## Directions for this task
Between the line containing "House Pavarotti - Foto 25" and the line containing "السلام عليكم ورحمة" lies a run of lines; give that run again exactly, with both of those lines, and nothing else from the entries below.

━━━━━━━━━━━━━━━━━━━━━━━━━━━━━━

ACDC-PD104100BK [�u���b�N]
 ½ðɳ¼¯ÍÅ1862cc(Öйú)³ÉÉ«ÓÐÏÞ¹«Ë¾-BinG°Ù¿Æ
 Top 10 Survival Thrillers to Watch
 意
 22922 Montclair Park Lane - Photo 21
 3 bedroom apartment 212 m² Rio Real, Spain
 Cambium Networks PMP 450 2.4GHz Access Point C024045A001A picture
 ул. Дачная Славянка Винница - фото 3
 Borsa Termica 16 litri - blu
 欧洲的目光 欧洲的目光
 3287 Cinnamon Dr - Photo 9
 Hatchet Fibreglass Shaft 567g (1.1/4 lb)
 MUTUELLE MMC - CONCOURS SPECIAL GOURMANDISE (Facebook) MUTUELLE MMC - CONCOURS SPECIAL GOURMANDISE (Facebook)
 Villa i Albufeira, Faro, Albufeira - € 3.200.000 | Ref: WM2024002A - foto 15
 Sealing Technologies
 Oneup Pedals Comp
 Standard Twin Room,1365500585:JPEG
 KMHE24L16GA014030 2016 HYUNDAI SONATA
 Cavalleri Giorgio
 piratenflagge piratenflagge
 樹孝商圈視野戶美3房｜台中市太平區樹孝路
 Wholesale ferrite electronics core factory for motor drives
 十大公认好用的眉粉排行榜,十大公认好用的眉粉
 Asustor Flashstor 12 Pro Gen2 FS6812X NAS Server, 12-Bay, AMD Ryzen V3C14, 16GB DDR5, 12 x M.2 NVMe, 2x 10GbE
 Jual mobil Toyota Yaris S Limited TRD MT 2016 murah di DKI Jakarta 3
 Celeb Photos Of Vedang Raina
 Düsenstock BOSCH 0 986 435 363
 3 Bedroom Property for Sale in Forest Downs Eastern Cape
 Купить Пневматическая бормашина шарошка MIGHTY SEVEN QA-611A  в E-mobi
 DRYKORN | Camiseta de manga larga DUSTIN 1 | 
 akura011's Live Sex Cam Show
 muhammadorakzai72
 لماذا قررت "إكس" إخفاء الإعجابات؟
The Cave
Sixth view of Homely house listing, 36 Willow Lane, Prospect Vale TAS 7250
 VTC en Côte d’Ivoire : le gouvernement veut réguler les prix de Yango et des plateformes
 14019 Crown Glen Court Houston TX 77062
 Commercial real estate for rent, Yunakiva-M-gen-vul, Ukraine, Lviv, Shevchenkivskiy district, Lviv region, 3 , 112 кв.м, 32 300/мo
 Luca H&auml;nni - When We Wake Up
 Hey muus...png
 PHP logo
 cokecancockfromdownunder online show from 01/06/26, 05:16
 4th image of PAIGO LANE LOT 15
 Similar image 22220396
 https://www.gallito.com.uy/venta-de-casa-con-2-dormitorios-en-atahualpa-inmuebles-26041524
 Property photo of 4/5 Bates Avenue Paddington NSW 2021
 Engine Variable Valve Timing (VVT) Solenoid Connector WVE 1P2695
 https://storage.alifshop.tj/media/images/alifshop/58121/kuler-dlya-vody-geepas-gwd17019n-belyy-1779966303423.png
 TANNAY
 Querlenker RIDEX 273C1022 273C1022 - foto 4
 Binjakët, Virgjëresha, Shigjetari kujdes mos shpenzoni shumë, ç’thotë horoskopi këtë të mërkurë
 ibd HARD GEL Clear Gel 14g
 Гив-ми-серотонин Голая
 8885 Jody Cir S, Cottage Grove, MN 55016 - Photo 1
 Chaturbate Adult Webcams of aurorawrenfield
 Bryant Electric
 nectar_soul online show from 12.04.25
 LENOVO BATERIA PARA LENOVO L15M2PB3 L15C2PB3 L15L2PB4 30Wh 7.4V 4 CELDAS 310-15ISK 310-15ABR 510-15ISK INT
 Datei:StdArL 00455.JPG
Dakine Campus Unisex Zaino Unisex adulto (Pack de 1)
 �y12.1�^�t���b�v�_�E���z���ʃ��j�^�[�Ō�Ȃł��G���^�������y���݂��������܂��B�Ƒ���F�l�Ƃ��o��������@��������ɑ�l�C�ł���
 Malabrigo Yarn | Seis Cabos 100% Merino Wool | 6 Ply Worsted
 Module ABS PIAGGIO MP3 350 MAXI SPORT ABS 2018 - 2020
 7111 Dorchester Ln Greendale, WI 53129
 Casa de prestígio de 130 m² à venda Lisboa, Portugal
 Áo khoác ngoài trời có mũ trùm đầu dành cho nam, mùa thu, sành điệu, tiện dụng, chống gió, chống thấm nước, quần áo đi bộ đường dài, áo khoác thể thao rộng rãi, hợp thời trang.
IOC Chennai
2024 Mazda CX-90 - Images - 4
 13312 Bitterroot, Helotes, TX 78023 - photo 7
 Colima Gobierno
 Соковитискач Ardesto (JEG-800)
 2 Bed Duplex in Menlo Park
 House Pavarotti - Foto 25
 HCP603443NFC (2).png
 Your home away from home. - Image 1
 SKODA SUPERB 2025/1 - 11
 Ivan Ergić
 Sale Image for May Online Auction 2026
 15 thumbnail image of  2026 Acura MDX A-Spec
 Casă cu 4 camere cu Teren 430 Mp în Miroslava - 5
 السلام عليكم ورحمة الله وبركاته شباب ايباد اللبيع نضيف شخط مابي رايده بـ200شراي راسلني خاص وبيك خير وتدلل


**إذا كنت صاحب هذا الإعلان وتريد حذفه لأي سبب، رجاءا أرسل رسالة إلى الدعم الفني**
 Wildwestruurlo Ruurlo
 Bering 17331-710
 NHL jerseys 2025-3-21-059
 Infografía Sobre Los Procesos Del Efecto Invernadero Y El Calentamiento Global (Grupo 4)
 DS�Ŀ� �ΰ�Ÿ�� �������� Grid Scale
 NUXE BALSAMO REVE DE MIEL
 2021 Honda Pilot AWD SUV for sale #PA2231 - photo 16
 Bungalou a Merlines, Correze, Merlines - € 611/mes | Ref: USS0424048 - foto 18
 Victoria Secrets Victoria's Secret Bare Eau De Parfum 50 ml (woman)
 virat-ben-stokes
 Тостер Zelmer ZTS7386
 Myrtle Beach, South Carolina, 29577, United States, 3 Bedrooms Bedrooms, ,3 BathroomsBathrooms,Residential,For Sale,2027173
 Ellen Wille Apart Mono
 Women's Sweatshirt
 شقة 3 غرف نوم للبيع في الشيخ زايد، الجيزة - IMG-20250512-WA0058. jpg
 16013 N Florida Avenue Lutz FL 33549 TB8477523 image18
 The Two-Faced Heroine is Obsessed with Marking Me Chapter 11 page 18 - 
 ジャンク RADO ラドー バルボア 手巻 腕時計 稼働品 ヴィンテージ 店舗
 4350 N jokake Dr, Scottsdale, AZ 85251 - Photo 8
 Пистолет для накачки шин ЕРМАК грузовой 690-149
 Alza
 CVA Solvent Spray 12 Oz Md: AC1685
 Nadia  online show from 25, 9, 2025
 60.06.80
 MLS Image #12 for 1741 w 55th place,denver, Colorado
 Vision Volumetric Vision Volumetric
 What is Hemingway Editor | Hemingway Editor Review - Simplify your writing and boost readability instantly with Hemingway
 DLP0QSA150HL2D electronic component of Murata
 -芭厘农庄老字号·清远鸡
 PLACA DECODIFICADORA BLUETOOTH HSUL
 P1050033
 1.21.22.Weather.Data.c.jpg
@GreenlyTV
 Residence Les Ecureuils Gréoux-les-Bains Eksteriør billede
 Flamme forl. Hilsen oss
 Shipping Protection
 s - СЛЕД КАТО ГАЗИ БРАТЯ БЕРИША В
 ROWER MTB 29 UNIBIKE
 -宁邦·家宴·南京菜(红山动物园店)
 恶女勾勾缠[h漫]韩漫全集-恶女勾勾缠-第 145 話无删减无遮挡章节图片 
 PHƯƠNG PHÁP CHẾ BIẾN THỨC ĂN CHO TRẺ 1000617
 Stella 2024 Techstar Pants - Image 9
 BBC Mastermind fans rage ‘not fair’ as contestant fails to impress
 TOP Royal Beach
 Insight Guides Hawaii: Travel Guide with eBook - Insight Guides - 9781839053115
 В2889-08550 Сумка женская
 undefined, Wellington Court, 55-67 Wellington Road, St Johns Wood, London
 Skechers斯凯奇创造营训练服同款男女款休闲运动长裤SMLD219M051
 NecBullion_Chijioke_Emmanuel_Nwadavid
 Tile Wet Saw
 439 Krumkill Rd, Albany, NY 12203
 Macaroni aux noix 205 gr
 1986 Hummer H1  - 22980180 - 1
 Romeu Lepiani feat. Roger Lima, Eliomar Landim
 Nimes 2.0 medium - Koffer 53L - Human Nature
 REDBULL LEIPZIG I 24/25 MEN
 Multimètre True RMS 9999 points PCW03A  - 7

━━━━━━━━━━━━━━━━━━━━━━━━━━━━━━

## Result
 House Pavarotti - Foto 25
 HCP603443NFC (2).png
 Your home away from home. - Image 1
 SKODA SUPERB 2025/1 - 11
 Ivan Ergić
 Sale Image for May Online Auction 2026
 15 thumbnail image of  2026 Acura MDX A-Spec
 Casă cu 4 camere cu Teren 430 Mp în Miroslava - 5
 السلام عليكم ورحمة الله وبركاته شباب ايباد اللبيع نضيف شخط مابي رايده بـ200شراي راسلني خاص وبيك خير وتدلل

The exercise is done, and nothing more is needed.